> **WORK ORDER**
Output only the lines below from the one containing "Snapshot of Ixchel_tay" to the one containing "BIKBOK blåa jeans🦋", exactly as written, both ends kept.

> **DATA TO PROCESS**
+ + +
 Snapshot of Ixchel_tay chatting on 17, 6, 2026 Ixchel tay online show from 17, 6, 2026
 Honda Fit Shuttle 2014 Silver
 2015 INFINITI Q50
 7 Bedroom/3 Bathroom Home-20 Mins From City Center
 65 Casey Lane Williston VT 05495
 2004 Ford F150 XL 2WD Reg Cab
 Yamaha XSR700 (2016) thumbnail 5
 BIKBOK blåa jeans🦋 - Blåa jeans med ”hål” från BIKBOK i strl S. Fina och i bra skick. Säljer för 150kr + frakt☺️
+ + +
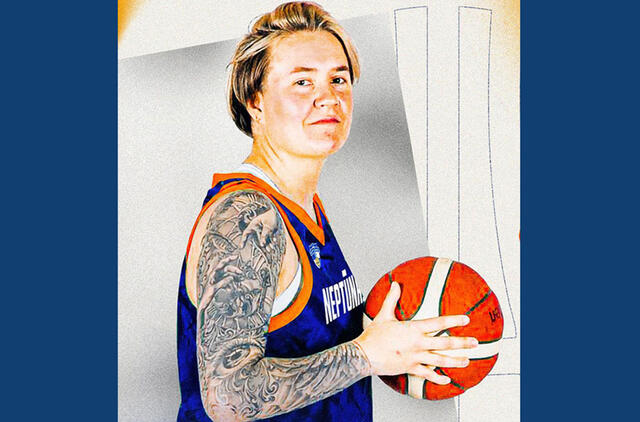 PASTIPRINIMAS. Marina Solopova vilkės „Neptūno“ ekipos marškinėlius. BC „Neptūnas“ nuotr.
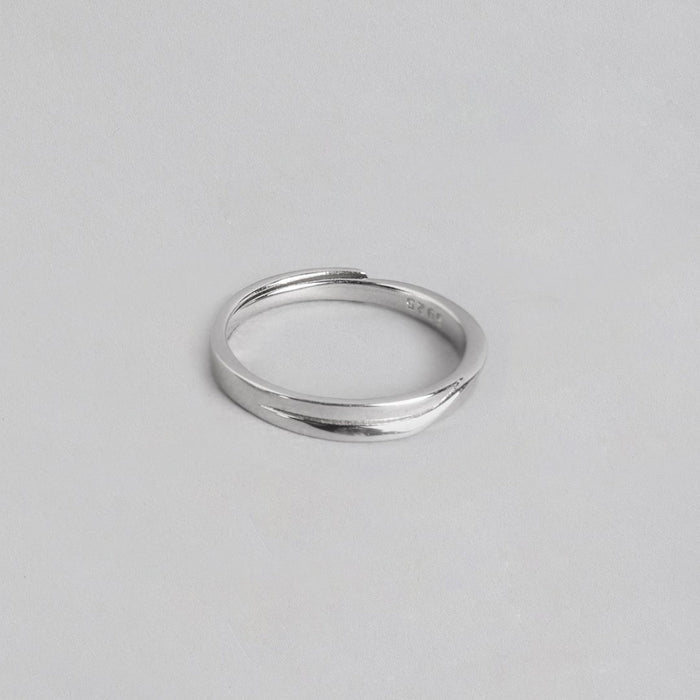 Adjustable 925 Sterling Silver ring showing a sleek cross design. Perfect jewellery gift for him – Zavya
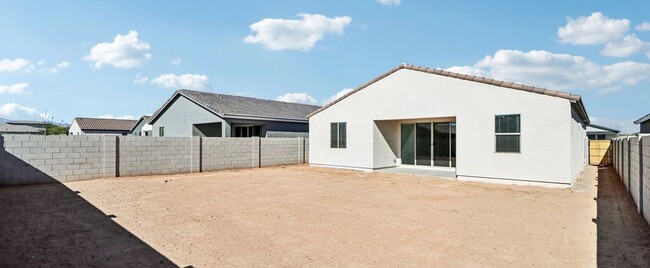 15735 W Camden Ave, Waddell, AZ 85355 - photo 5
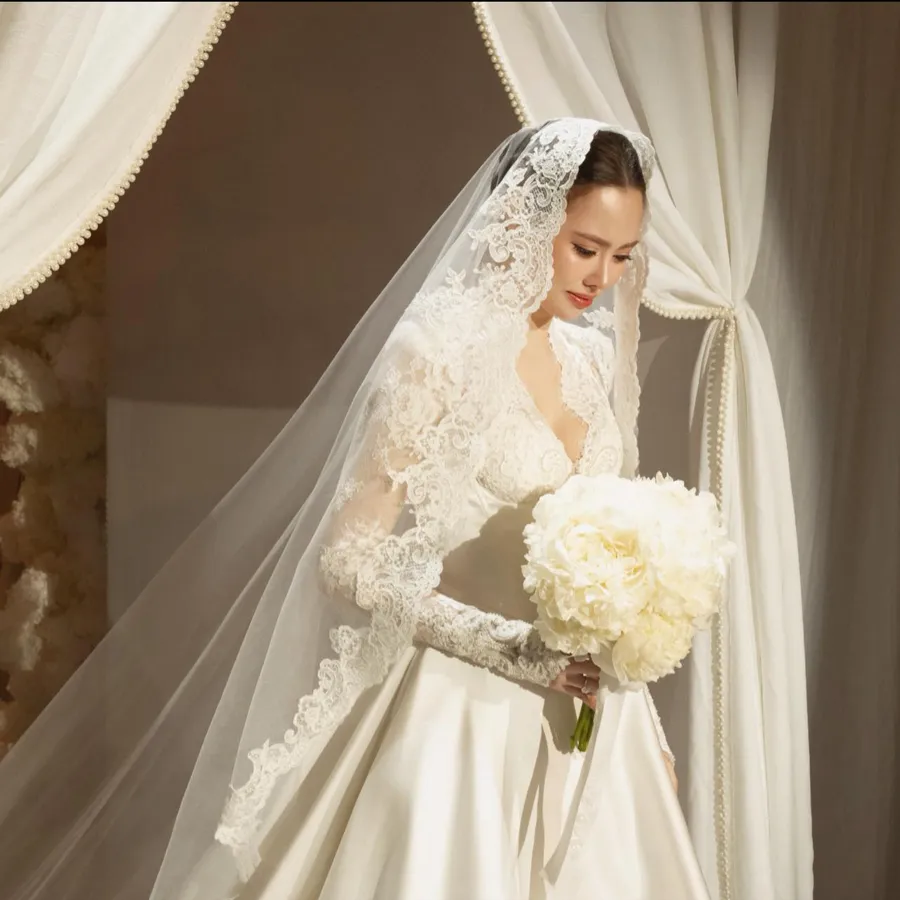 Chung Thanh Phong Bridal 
+ + +
> **ANSWER BOX**
 Snapshot of Ixchel_tay chatting on 17, 6, 2026 Ixchel tay online show from 17, 6, 2026
 Honda Fit Shuttle 2014 Silver
 2015 INFINITI Q50
 7 Bedroom/3 Bathroom Home-20 Mins From City Center
 65 Casey Lane Williston VT 05495
 2004 Ford F150 XL 2WD Reg Cab
 Yamaha XSR700 (2016) thumbnail 5
 BIKBOK blåa jeans🦋 - Blåa jeans med ”hål” från BIKBOK i strl S. Fina och i bra skick. Säljer för 150kr + frakt☺️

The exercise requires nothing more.